Task item
Each record below is to be output unchanged, and any picture is to be dropped.

Material shown
========
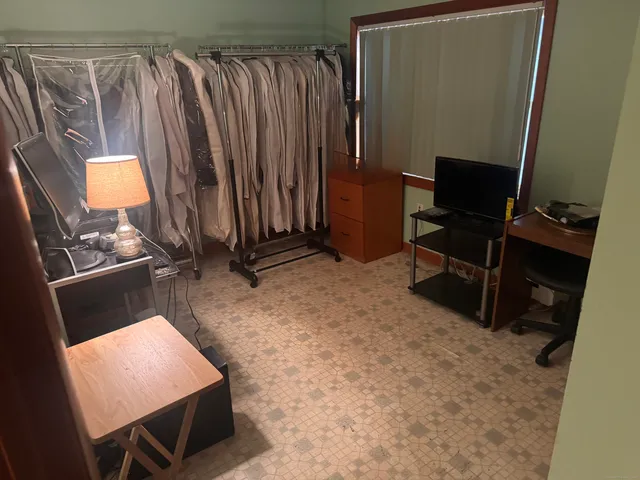 a backyard of a house with table and chairs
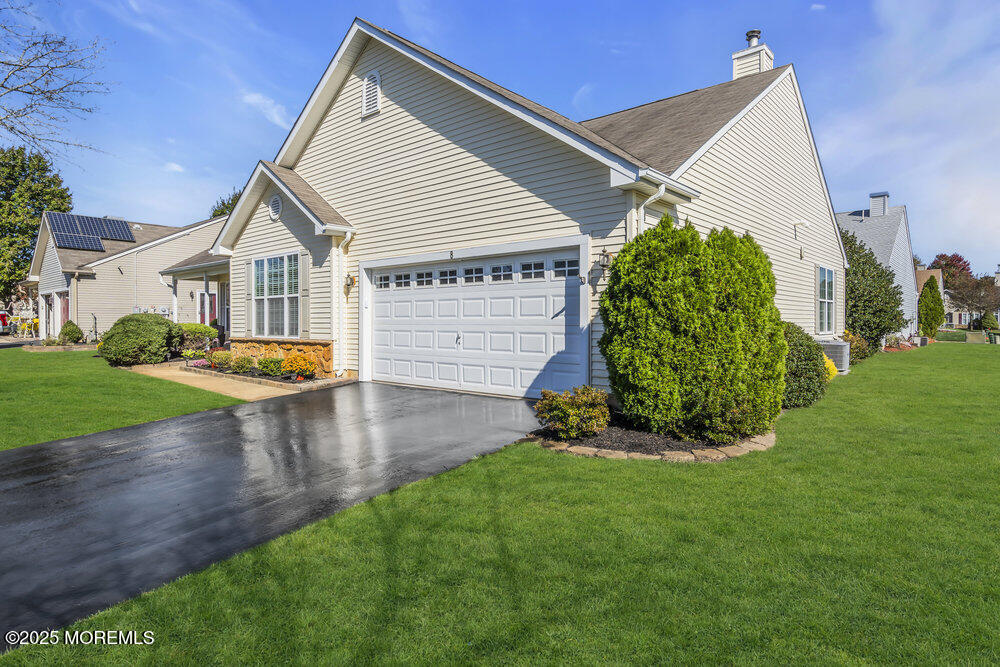 8 Rosedale Lane Whiting, NJ 08759 - Photo 5 of 36 a front view of a house with a yard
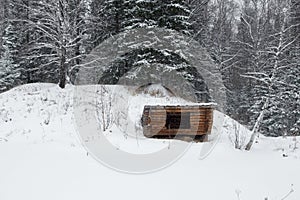 A lonely wooden building with a pile in a dense forest, winter time a snow hut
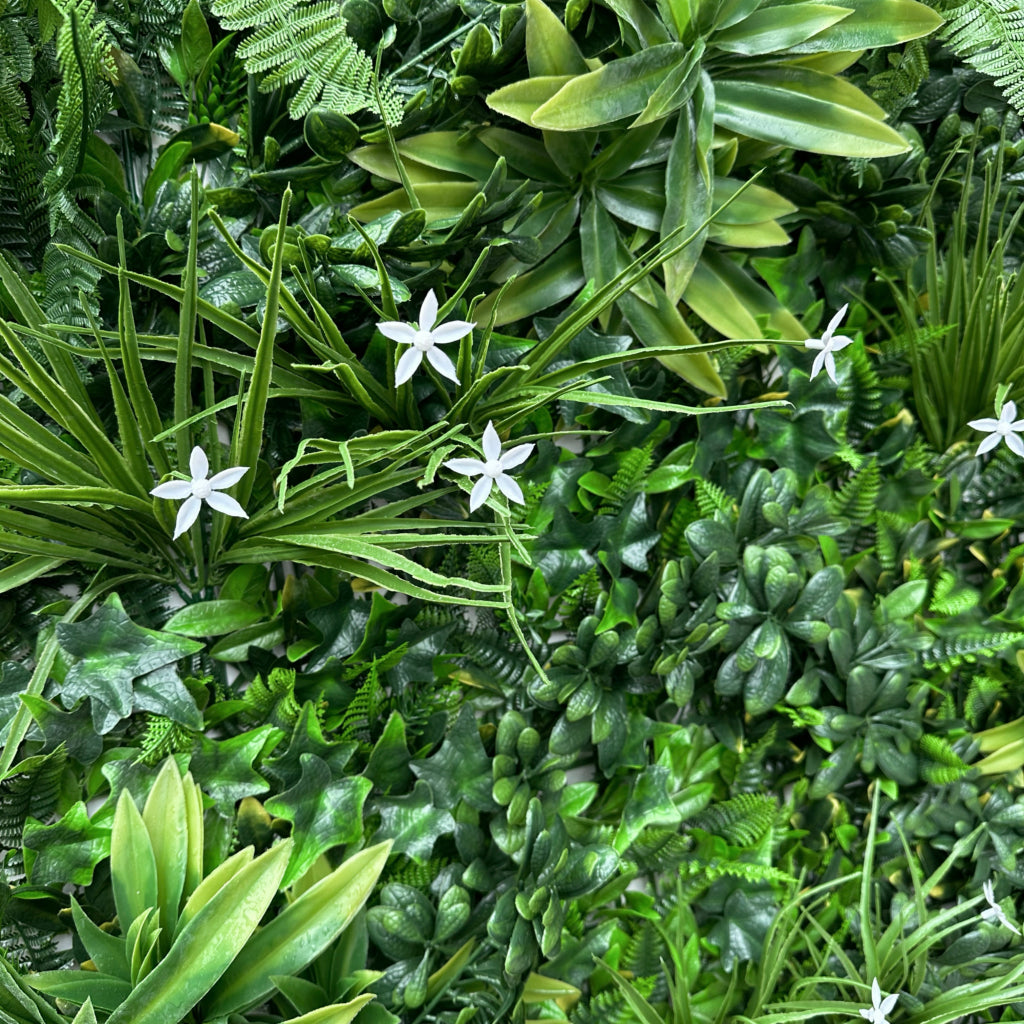 Artificial green wall panel with variegated greens of ivy, ferns, palm heads, grasses & small white flowers 100x100 cm
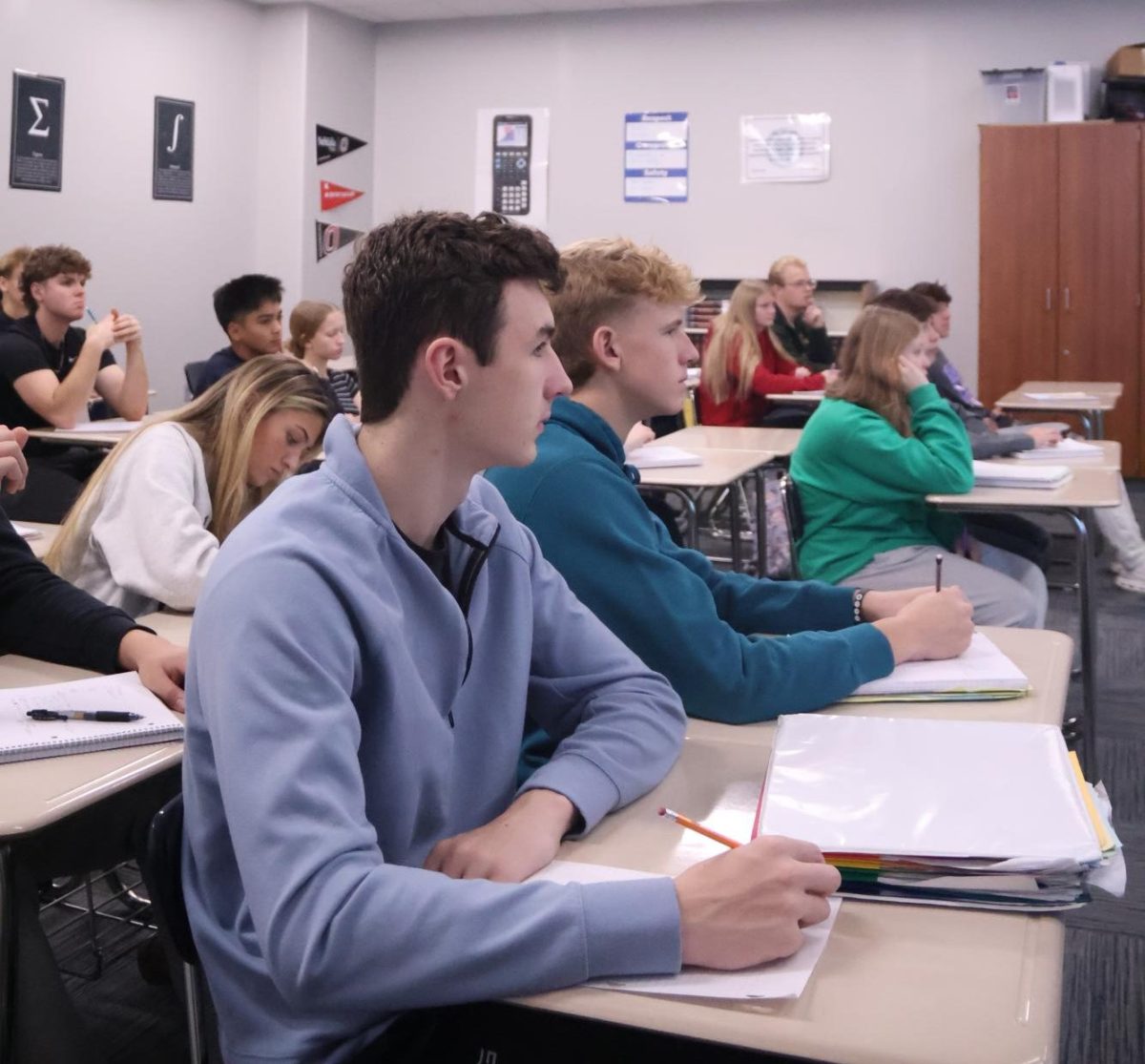Charles Hook is dialed in during AP Calculus AB, taking notes.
========
Answer to this problem
 a backyard of a house with table and chairs
 8 Rosedale Lane Whiting, NJ 08759 - Photo 5 of 36 a front view of a house with a yard
 A lonely wooden building with a pile in a dense forest, winter time a snow hut
 Artificial green wall panel with variegated greens of ivy, ferns, palm heads, grasses & small white flowers 100x100 cm
Charles Hook is dialed in during AP Calculus AB, taking notes.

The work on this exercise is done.